College can be the best years of your life. Should be that way, since it can seem like the most expensive years of your life! Congratulations on your graduation, now let’s figure out how to get you out of debt:
- Make a list of all your loans. 90% of student loans are federal loans that can be tracked through the US Department of education website at studentaid.gov. Private loans would appear on your credit report. You can get a copy of your credit report at www.AnnualCreditReport.com .
- Make sure you stay in contact. Chances are, you’ve moved. Even your email may have changed. You don’t want to lose track of your loans, fail to make payments and have it ruin your credit. Go back to studentaid.gov and make sure your contact details are up to date.
- Develop a payment strategy. Federal loans at studentaid.gov have myriad payment options. Right now, federal loans have to interest being assessed. That might make it a great time to concentrate on paying back any private loans. If you refinance federal loans to a private loan, you may lose benefits. Federal loans include the opportunity to qualify for partial loan forgiveness and temporary payment suspension during layoff. Private loans will probably not include such benefits. Keep in mind that the faster you pay any loan back, the less interest you will incur.
- Consider an income driven plan. Again, this usually applies to just federal loans. There is the opportunity to qualify for loan forgiveness, but only after at least 10 years of payments or even 25 years of payments. There are also graduated payment plans that automatically increase your payments over time in anticipation of higher earnings over time.
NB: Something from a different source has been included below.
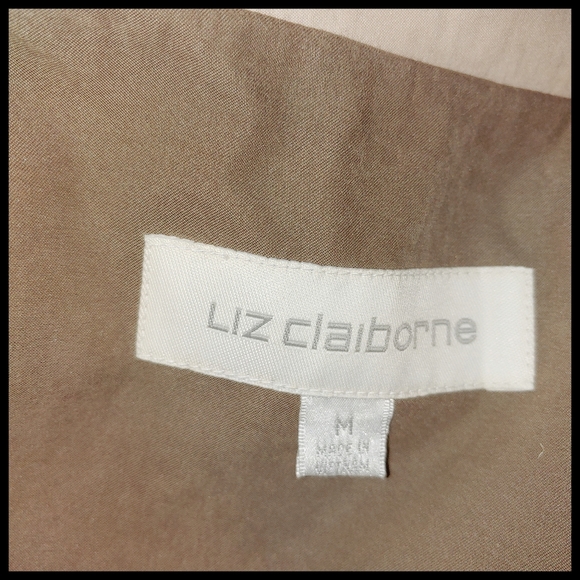 Liz Claiborne Trench Coat Medium - Picture 7 of 7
- Check other forgiveness options. With federal loans, teachers, doctors, nurses and others working for certain nonprofits are eligible for loan forgiveness after 10 years of service in some instances.
- Apply traditional debt retirement strategies. Entire books have been written on this topic. Consider applying any wage increases, inheritances or other windfalls to your student debt. But the key thing is to have a plan and stick to it. A large student debt can seem intimidating. Big problems can be solved by small actions made consistently. You may surprise yourself.